PRC must leave worst practices behind
Bribes, embezzlement and sexual harassment settlements approaching $1 million. Failure to meet educational requirements and then fabricating fake academic credentials to cover up the noncompliance. Whistleblowers awarded nearly $1 million in damages after being fired for exposing corruption (“Report: Bad reputation plagues PRC’s performance,” Oct. 12, 2017).
This report only scratches the surface when it comes to the New Mexico Public Regulation Commission, which is perhaps the most powerful regulatory agency in the nation. Besides repeatedly committing acts that have eroded the public’s trust in the PRC to carry out their most basic functions, the PRC has left business owners, investors and entrepreneurs legitimately wondering whether its next decision will cripple their business.
An organization that has been labeled as being in a “death-spiral” in the 2017 report to the state Legislature has the power to regulate diverse industries throughout our state. An organization which is so powerful and far reaching that it touches every New Mexican, and practically every business, daily. These five individuals, elected to represent their constituents, must work together to ensure they do not repeat the mistakes of past commissioners.
Our economy has vast opportunities to create good-paying, sustainable jobs right here in New Mexico. The PRC has the power to promote job creation and economic development, or the power to use their agency as a bureaucratic bludgeon, inflicting irreparable harm on our economy, workforce and emerging economic development projects. As new commissioners begin casting important regulatory decisions, they can show New Mexicans they have learned from their predecessors’ problematic behavior, by making informed, fair and consistent decisions — or they can rule the PRC as their personal political fiefdoms, treating those who come before them as political pawns, ignoring the great responsibilities that come with being elected to the PRC.

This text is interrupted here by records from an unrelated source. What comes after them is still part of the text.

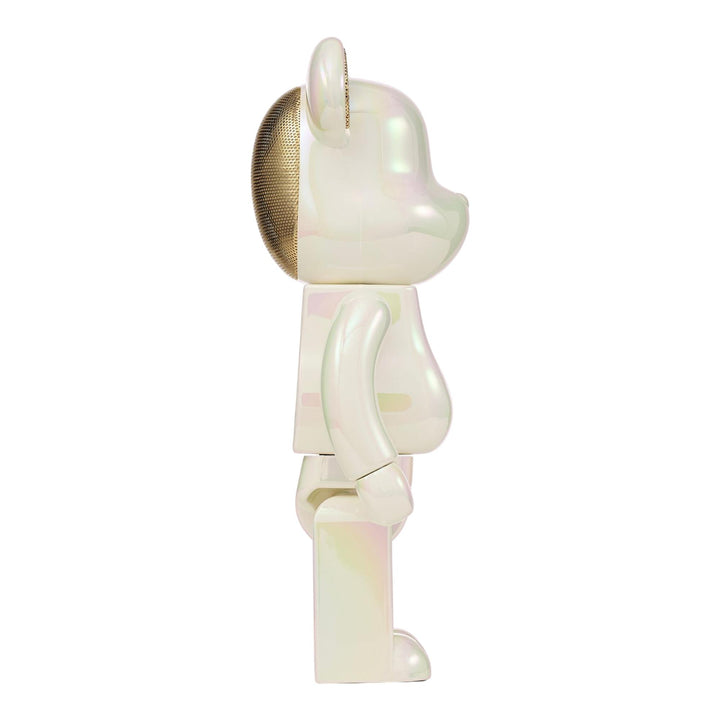 Club21 - BE@RBRICK - BE@RBRICK AUDIO 400% Portable Bluetooth® Speaker Iridescent Collection Pearl Mirage - NOVELTY - Pearl Mirage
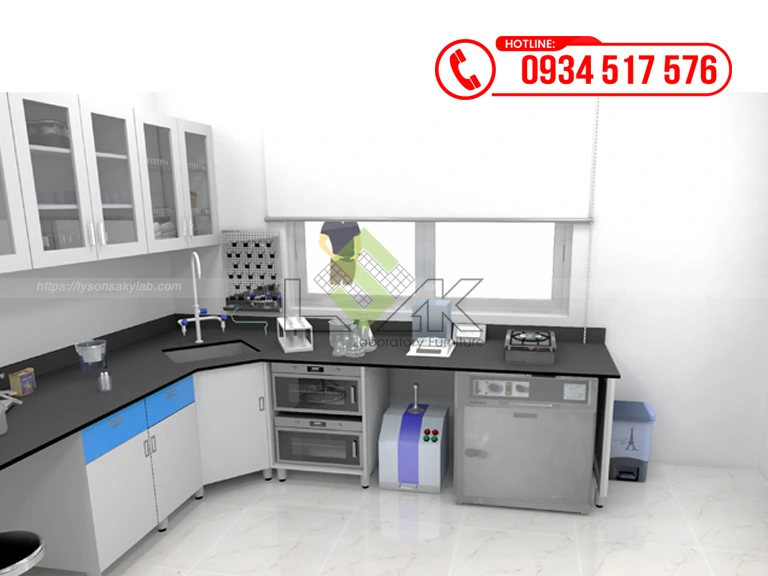 Thiết kế nội thất phòng thí nghiệm Trang trại bò sữa Vinamilk Tây Ninh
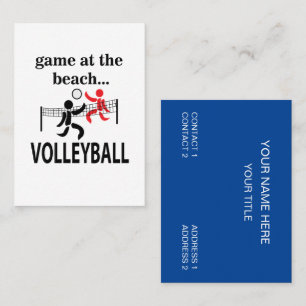 Volleyball Beach Volleyball Sports Coach Business Card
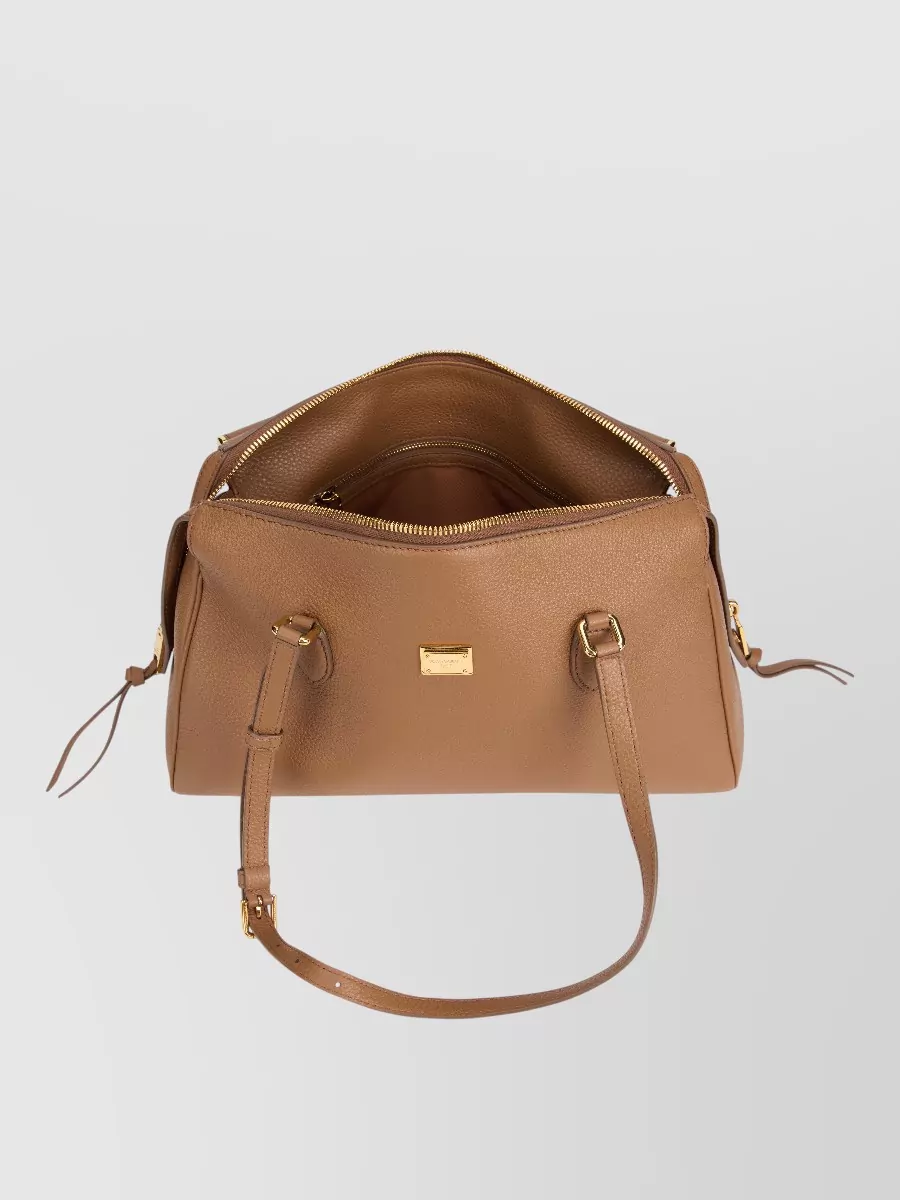 Dolce&Gabbana Odissea Leather Shoulder Bag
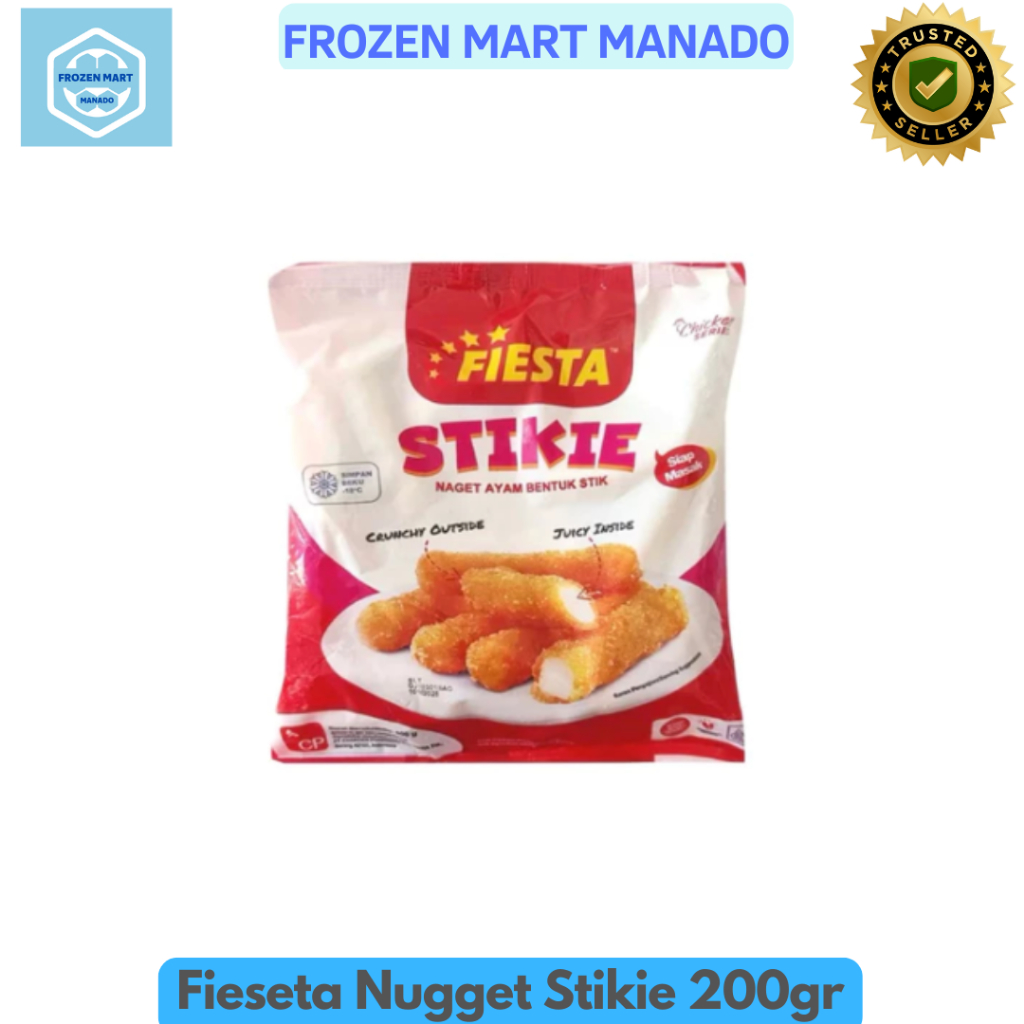 

Fiesta Nugget Stikie 200gr - Frozen Mart Manado (Frozen Food Manado)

While conducting interviews for their report to the Legislature, researchers were informed commissioners routinely ignored facts of record and their duty to be impartial judges. Commissioners have prioritized serving political groups and voting blocs, rather then making sound decisions based on science, evidence and the advice of professionals trained and educated in a specific field. As business owners and leaders, we must make decisions not based on personal ideologies or political pressure, but rather what is best for our workers, customers and investors. The PRC must not travel the road it often has; it should forge a new path to foster and develop a new economy for our growing state.
The integrity, independence and decision-making ability of one of our most powerful and important government agencies has reached the point where the general public has no faith in the decisions being made. New Mexicans have also elected new commissioners to reform a broken agency, and our commissioners have a unique chance to show businesses throughout the state that they will act independently, fairly and consistently — creating a climate where businesses can thrive, not barely struggle to stay alive.
As new PRC commissioners form a new body, they must leave past practices behind, creating an environment where evidence supersedes political ideology and parties work together to ensure New Mexicans aren’t denied important services for no good reason. Commissioners must commit themselves to working with all parties to allow New Mexico’s economy to diversify, meet the demands of an evolving customer base and create new, sustainable jobs for residents from all walks of life.
Matt Berger retired to Santa Fe after a successful career as an engineer for a Fortune 500 company.